Allí nació Ácatl –que significa carrizo–, y de allí bajó a conocer el amor, amor que se llamó Quiahuítl, que significa lluvia. Y de este amor infortunado germinaron dos bárbaras flores difuntas –Ácatl y Quiahítl, yacentes–, de cuya raíz común floreció a su vez y para asombro del hombre, “el lugar en que fueron destruidos los carrizos”.
Acapulco.
Y así desde el origen, entre enormes olas fugitivas y carrizos tronchados, destruidos en la yacente soledad erótica de los atardeceres y la brisa, la enorme zarpa del repentino huracán sin advertencia, sin sosiego en la furia del viento convertido en guadaña y –como Tario dice (insisto en las citas) — “la tierra, el agua y el viento han escrito aquí una historia de asombro, belleza y espanto”
Hoy la belleza duerme entre los viejos troncos y frente a la desolación y la cristalería en pedazos, yo pienso y recuerdo y siento la nostalgia terrible de un paraíso perdido quien sabe cuántas veces; una más, y otra y otra entre la rapiña, la incuria, la desproporción y los impreparados; al frente de un gobierno tan dañino como el viento mismo desatado en su cólera de cielo. y vuelvo a leer esto que el viento no se pudo llevar: el mar.

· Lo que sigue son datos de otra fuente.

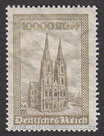 D-DR-262 - Kölner Dom - 10 000 M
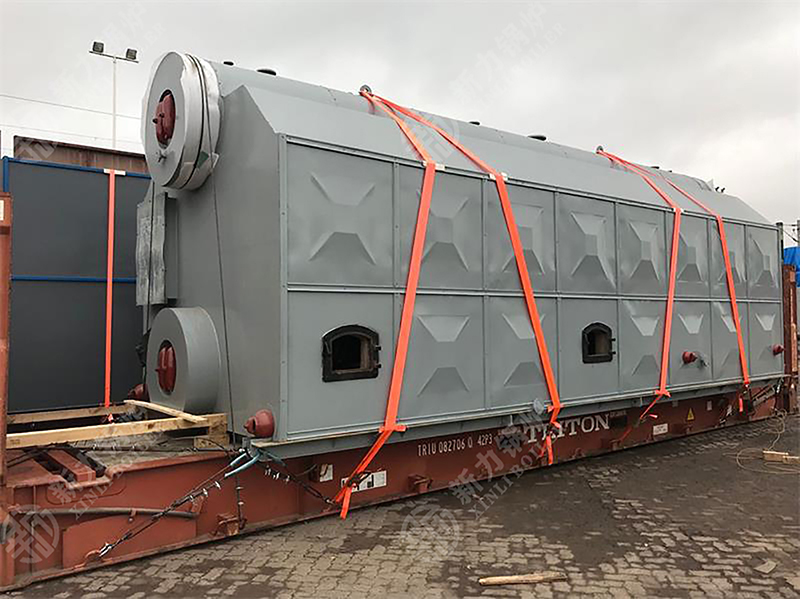 SZW生物质锅炉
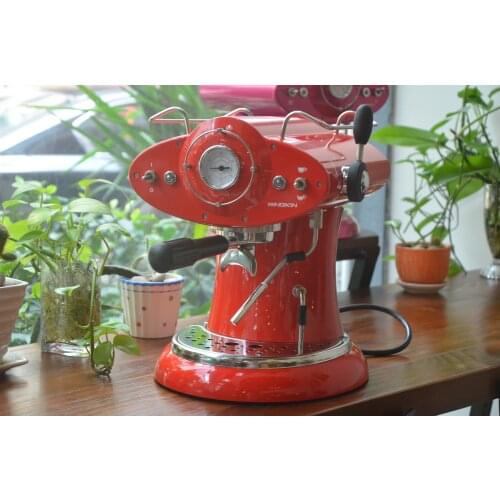 Wingkin 210 shot Semi-automatic espresso coffee machine suitable for home and small commercial use coffee house die castin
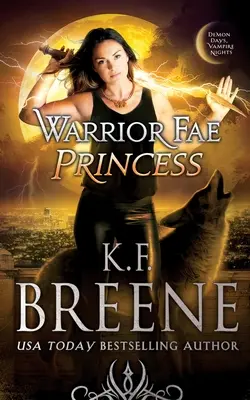 Fae-Kriegerprinzessin - Warrior Fae Princess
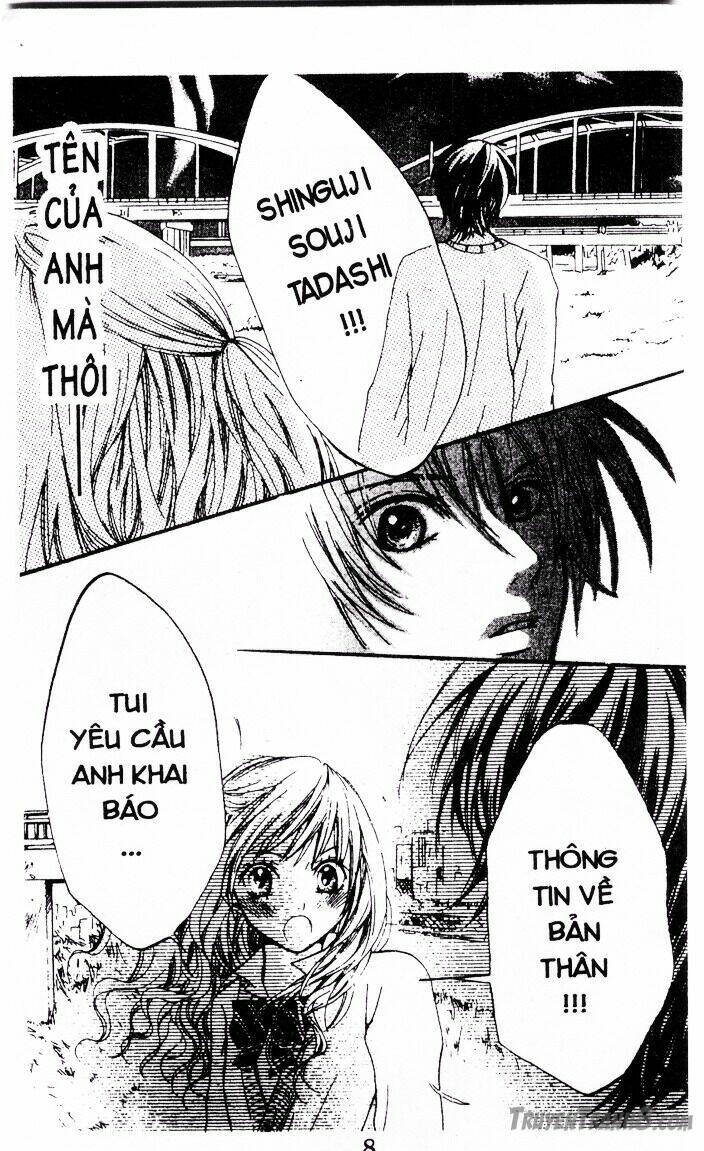 S+/Special Secret Plus Chapter 7 - Trang 2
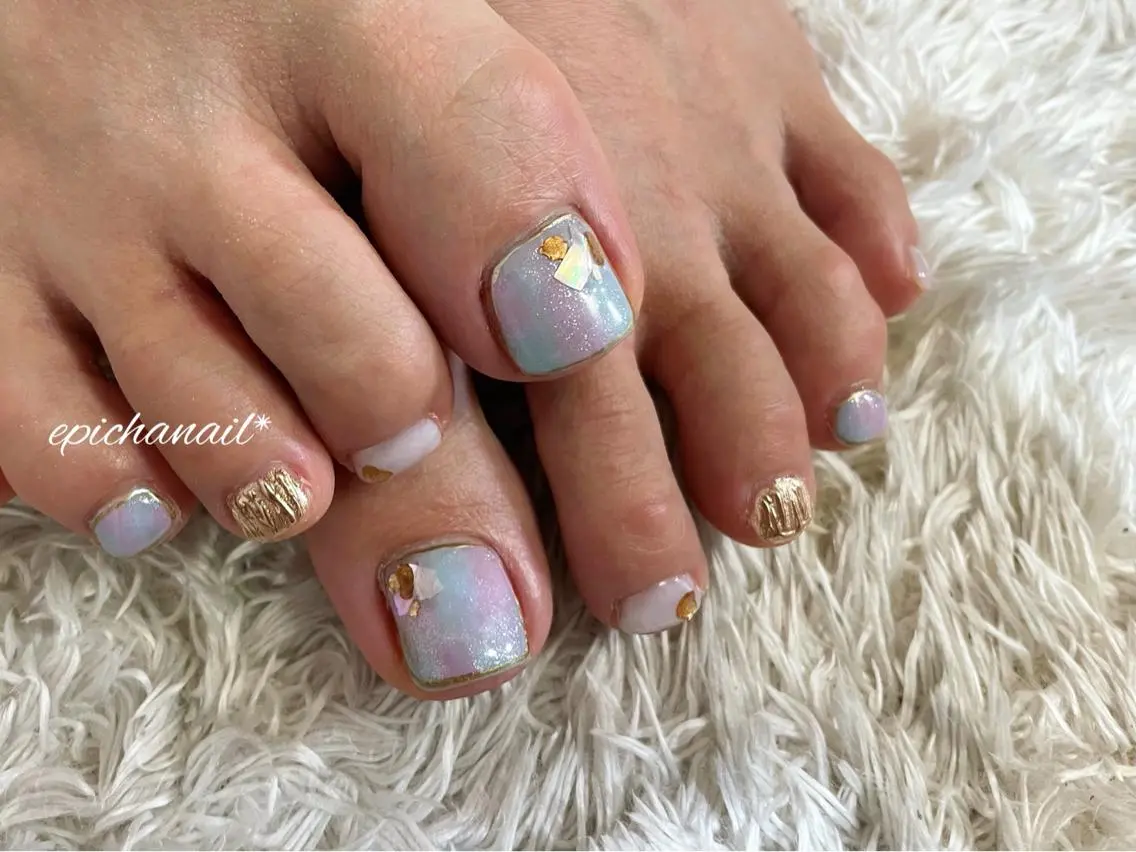 ネイル EPICHA NAILのネイルデザイン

“El mar aquí a menudo quema, arde, avivado por el fuego interno de sus volcanes submarinos. Y acontece que es plateado, acerado metálico, mineral y quebradizo, o azul, azul celeste, turquí o azul marino; o verde, vibrátil, verdinegro, verde mar u olivo; o malva, rosa pálido, volátil; o tornasolado como los nácares y las escamas, irisado como las ágatas o rojizo como granate, rojo ladrillo, color de oro viejo, bermellón ígneo o gris, gris acero, verdoso untuoso, y pesado; o amarillo limón, pajizo; o negro, cruelmente opaco como un hielo sombrío, luctuoso; o blanco, lechoso, opalino, opresivo o tenuemente violeta, color de agua, nieve, traslúcido y pálido, lívido y tan etéreo como un océano de vapores que se hubieran acumulado sosegadamente y durante siglos en lo más hueco e inalterable de un cáliz en las montañas…”
–¡Vámonos, vámonos…!
El poderoso motor ruge y bufa y las ruedas lanzan el barro a los costados y el todo terreno avanza hasta convertirse en una especie de enorme tortuga varada en el cenagal, porque ni toda la fuerza del Poder Ejecutivo lo hace avanzar y un par de Juanes, solícitos e intrépidos, se encaraman las barras frontales del vehículo verde oliva y saltan y empujan hacia abajo en el grotesco bailongo cuyo ritmo no hace sino hundir más las llantas del vehículo y no queda otro remedio, sino bajarse y recorrer con el cieno en los tobillos –como era costumbre en el éxodo democrático y otros episodios–, los pasos necesarios para demostrar cómo hasta en la cima se pagan los precios de la impreparación, lo cual permite –también— ofrecer la imagen contraria por cuyo verso de propaganda el barrizal se convierte en un éxito: el hombre del poder hunde los pies en el fango y el lodo; ese lago negruzco no lo podrá separar del pueblo al cual se debe –como no lo detuvo antes– y por cuyo auxilio va a vencer con la fuerza perdurable de su paso por senderos, montañas, pueblos, calles y cañadas –descalzo o con zapatos–, cualquier obstáculo en bien de su gente, de su buena gente…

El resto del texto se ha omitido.